Posterior Distribution¶
According to Bayes’ Theorem,
\[\begin{split}\pi({\bf \theta}|{\bf y}) & =
\frac{f({\bf y}|{\bf \theta})
\pi({\bf \theta})}{f({\bf y})} \hspace{0.92in}\end{split}\]
\[= \frac{f({\bf y}|{\bf \theta})
\pi({\bf \theta})}{\int f({\bf y}|{\bf \theta})
\pi({\bf \theta}) d{\bf \theta}}.\]
- \(\pi({\bf \theta}|{\bf y})\) is referred to as the posterior distribution of \({\bf \theta}\).
- \(\pi({\bf \theta}|{\bf y})\) is loosely interpreted as the probability of \({\bf \theta}\) after observing \({\bf y}\).
Bayesian Updating¶
Bayesian analysis is a method to use data to update our beliefs about \({\bf \theta}\).
- We begin with a prior distribution \(\pi({\bf \theta})\) which captures our views about the likelihood of \({\bf \theta}\) taking particular values.
- We specify a model for the probability density of the data, given \({\bf \theta}\): \(f({\bf y}|{\bf \theta})\).
- We use the likelihood to update our beliefs about \({\bf \theta}\):
\[\begin{split}\pi({\bf \theta}|{\bf y}) & =
\frac{f({\bf y}|{\bf \theta}) \pi({\bf \theta})}{\int
f({\bf y}|{\bf \theta}) \pi({\bf \theta})
d{\bf \theta}}.\end{split}\]
- If the data are very informative, \(\pi({\bf \theta}|{\bf y})\) can be quite different from \(\pi({\bf \theta})\).
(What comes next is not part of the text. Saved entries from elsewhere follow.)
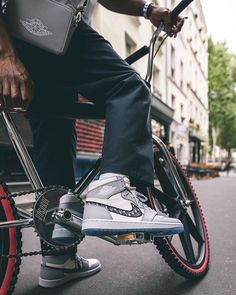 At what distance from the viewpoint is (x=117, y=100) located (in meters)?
1.44

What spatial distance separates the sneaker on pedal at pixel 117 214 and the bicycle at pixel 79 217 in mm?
82

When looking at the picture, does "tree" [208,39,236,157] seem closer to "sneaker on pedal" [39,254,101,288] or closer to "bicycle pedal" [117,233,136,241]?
"sneaker on pedal" [39,254,101,288]

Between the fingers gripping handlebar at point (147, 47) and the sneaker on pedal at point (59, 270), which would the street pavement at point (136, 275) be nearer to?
the sneaker on pedal at point (59, 270)

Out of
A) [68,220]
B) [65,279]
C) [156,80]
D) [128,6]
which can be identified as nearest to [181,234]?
[65,279]

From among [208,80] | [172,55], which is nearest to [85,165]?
[172,55]

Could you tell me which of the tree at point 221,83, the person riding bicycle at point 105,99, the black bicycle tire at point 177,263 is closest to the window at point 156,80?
the black bicycle tire at point 177,263

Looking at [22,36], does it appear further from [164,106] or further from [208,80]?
[208,80]

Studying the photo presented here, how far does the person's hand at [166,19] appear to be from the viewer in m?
1.87

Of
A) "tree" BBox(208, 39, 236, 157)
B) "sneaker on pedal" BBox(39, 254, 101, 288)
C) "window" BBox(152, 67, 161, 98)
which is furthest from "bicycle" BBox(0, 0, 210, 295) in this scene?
"tree" BBox(208, 39, 236, 157)

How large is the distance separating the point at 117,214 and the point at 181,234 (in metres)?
0.80

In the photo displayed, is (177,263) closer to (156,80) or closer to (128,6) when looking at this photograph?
(128,6)

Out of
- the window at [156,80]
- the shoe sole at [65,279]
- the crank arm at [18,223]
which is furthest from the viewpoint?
the window at [156,80]

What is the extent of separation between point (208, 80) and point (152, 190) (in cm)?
3910

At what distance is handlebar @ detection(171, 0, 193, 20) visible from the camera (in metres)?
1.66
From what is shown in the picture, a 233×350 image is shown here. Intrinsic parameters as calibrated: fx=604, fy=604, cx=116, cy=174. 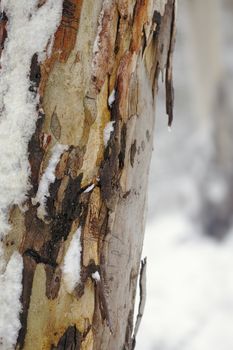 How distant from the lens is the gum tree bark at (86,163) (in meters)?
0.95

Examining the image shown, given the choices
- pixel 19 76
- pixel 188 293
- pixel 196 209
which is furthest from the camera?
pixel 196 209

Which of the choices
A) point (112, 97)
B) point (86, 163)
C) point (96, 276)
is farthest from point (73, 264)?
point (112, 97)

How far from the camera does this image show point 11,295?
979mm

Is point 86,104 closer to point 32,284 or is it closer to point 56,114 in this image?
point 56,114

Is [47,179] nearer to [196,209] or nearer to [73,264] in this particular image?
[73,264]

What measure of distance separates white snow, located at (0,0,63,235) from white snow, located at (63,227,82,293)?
118 mm

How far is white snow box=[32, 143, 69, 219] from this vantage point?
0.96 meters

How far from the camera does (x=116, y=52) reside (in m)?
0.97

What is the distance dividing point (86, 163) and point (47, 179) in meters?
0.07

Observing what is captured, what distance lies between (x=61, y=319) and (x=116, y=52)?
44 cm

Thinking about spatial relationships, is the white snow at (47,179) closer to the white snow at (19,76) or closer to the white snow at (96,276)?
the white snow at (19,76)

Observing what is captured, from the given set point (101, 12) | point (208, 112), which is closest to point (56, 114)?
point (101, 12)

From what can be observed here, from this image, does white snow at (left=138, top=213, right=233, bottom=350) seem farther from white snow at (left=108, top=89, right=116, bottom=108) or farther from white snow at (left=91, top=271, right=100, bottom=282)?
white snow at (left=108, top=89, right=116, bottom=108)

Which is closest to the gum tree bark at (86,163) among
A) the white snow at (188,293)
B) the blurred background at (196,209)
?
the blurred background at (196,209) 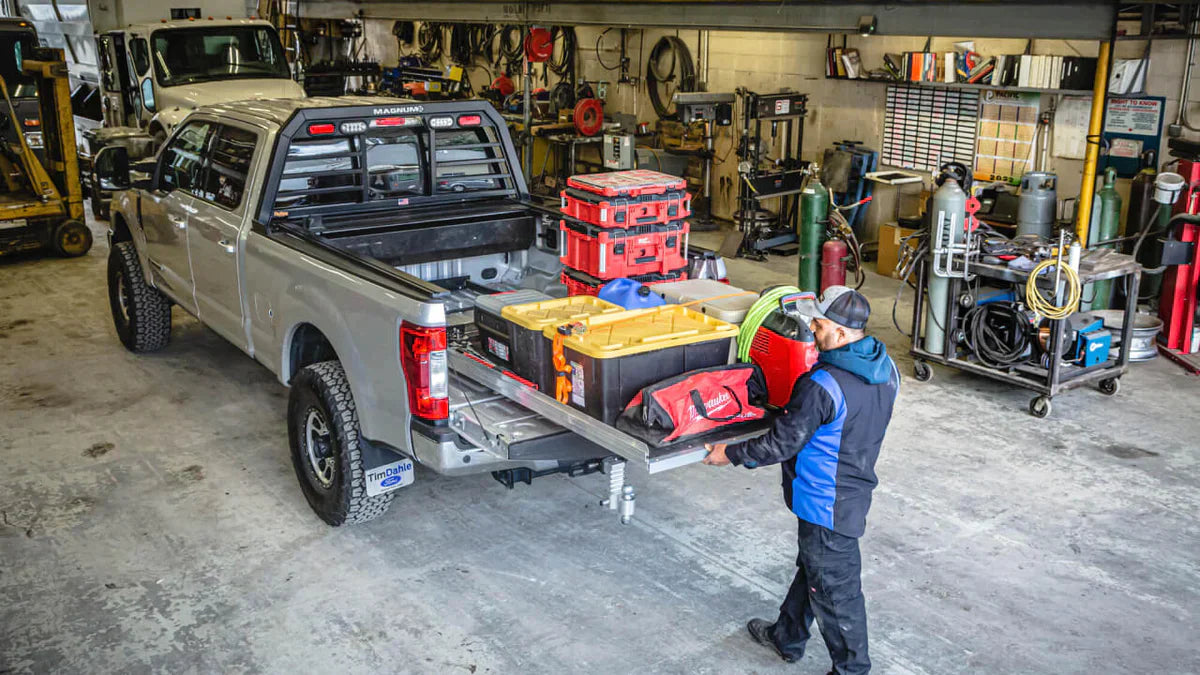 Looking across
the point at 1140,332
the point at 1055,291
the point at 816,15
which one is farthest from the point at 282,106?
the point at 1140,332

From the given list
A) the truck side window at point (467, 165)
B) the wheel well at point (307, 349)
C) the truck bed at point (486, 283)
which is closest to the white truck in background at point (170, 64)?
the truck side window at point (467, 165)

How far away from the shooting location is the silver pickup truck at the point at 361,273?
436 cm

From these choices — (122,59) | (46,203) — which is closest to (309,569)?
(46,203)

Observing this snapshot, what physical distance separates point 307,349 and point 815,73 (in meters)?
8.29

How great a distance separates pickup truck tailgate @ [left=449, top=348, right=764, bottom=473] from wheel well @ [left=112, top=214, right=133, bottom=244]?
425cm

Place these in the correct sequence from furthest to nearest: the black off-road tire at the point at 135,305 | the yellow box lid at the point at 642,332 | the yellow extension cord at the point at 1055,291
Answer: the black off-road tire at the point at 135,305, the yellow extension cord at the point at 1055,291, the yellow box lid at the point at 642,332

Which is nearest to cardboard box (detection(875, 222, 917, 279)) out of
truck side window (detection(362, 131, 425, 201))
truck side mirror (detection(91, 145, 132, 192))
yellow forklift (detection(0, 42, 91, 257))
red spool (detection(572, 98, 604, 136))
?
red spool (detection(572, 98, 604, 136))

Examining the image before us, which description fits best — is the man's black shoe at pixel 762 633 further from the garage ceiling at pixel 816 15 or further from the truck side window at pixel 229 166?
the garage ceiling at pixel 816 15

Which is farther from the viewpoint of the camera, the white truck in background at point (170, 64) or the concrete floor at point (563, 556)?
the white truck in background at point (170, 64)

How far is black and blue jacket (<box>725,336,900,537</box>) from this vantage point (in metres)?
3.64

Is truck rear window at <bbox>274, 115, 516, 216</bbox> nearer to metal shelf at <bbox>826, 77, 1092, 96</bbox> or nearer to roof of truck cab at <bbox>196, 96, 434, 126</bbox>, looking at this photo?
roof of truck cab at <bbox>196, 96, 434, 126</bbox>

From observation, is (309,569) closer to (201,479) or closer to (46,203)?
(201,479)

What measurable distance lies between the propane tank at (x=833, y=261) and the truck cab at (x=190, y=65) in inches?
280

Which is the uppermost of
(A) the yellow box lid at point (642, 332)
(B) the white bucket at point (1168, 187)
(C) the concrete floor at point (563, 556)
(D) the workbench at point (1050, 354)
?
(B) the white bucket at point (1168, 187) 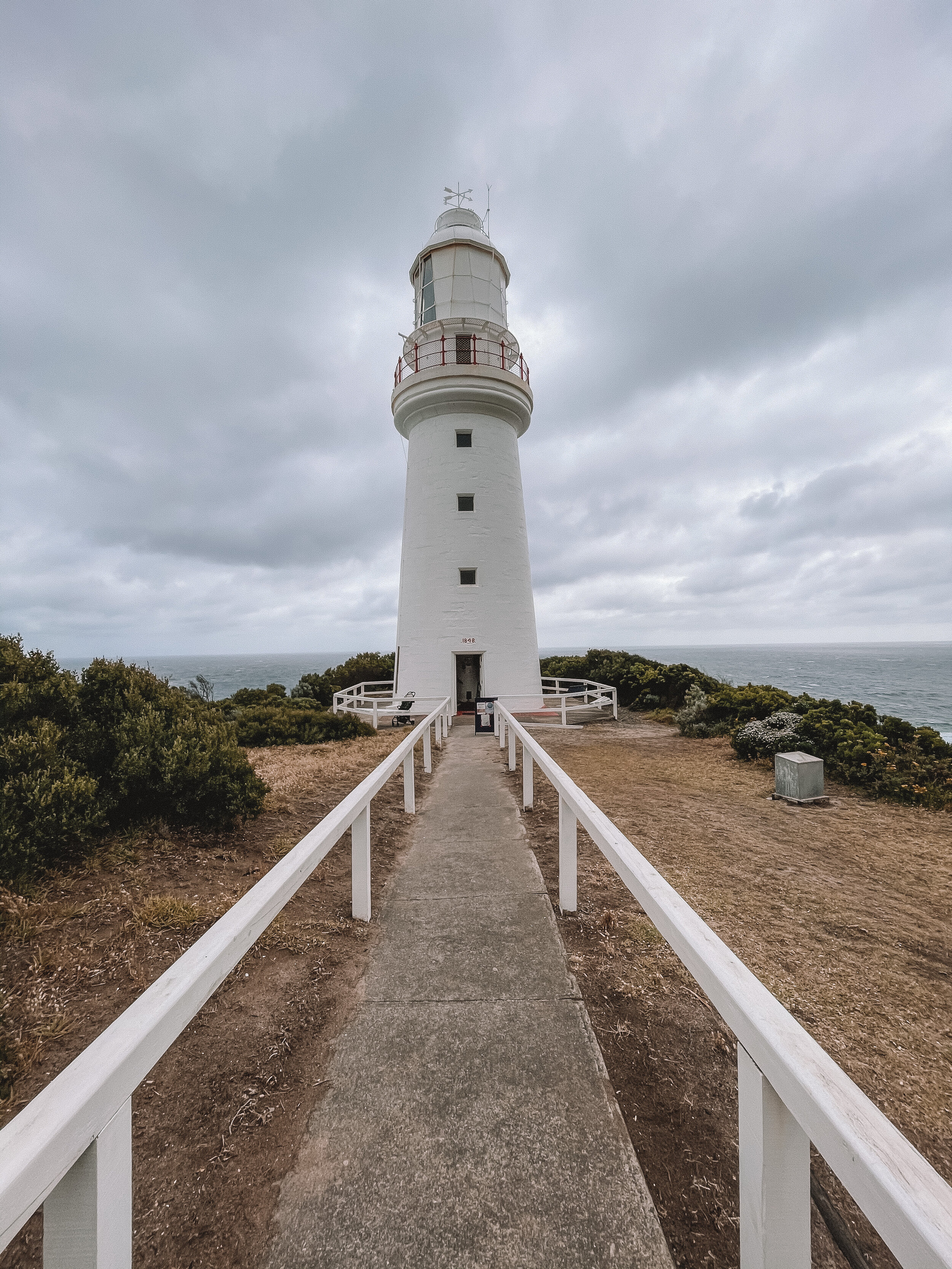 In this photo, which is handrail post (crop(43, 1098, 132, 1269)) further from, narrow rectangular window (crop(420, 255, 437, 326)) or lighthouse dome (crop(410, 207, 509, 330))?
narrow rectangular window (crop(420, 255, 437, 326))

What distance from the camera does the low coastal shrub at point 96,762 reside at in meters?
3.75

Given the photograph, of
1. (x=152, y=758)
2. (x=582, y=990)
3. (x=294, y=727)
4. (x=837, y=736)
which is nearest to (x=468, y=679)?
(x=294, y=727)

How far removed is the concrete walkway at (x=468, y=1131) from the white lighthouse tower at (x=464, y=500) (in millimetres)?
11651

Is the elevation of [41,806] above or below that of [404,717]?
above

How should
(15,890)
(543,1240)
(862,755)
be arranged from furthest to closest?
(862,755) < (15,890) < (543,1240)

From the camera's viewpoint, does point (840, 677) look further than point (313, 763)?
Yes

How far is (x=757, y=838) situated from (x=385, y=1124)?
16.3 ft

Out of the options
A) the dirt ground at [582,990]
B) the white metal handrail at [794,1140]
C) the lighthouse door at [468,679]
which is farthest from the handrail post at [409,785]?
the lighthouse door at [468,679]

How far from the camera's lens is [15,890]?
3.40 m

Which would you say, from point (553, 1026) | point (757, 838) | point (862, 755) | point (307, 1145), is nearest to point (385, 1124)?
point (307, 1145)

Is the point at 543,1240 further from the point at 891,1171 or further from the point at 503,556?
the point at 503,556

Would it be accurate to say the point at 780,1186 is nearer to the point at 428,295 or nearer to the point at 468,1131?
the point at 468,1131

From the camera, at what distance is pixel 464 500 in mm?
15477

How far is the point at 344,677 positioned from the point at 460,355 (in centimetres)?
1200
A Note on Proportionality¶
Suppose
\[w = ax\]
\[y = bx\]
\[z = wy\]
then
\[w \propto x\]
\[y \propto x\]
\[z \propto x^2.\]
A Note on Proportionality¶
More generally, if
\[w = g_w(x) h_w(u)\]
\[y = g_y(x) h_y(u)\]
\[z = wy\]
then
\[w \propto g_w(x)\]
\[y \propto g_y(x)\]
\[z \propto g_w(x) g_y(x).\]
A Note on Proportionality¶
Since \(f({\bf y})\) is not a function of \({\bf \theta}\),
\[\begin{split}\pi({\bf \theta}|{\bf y}) & =
\frac{f({\bf y}|{\bf \theta})\pi({\bf \theta})}{f({\bf y})}
\propto f({\bf y}|{\bf \theta})\pi({\bf \theta}).\end{split}\]
- It is often easier to work with only \(f({\bf y}|{\bf \theta})\pi({\bf \theta})\).
Conjugate Priors¶
Our choice of \(\pi({\bf \theta})\) and \(f({\bf y}|{\bf \theta})\) may not yield an analytic solution for \(\pi({\bf \theta}|{\bf y})\).
- \(\pi({\bf \theta}|{\bf y})\) still exists, but it must be computed numerically.
- However, when the likelihood and prior have similar forms, they result in tractable posteriors.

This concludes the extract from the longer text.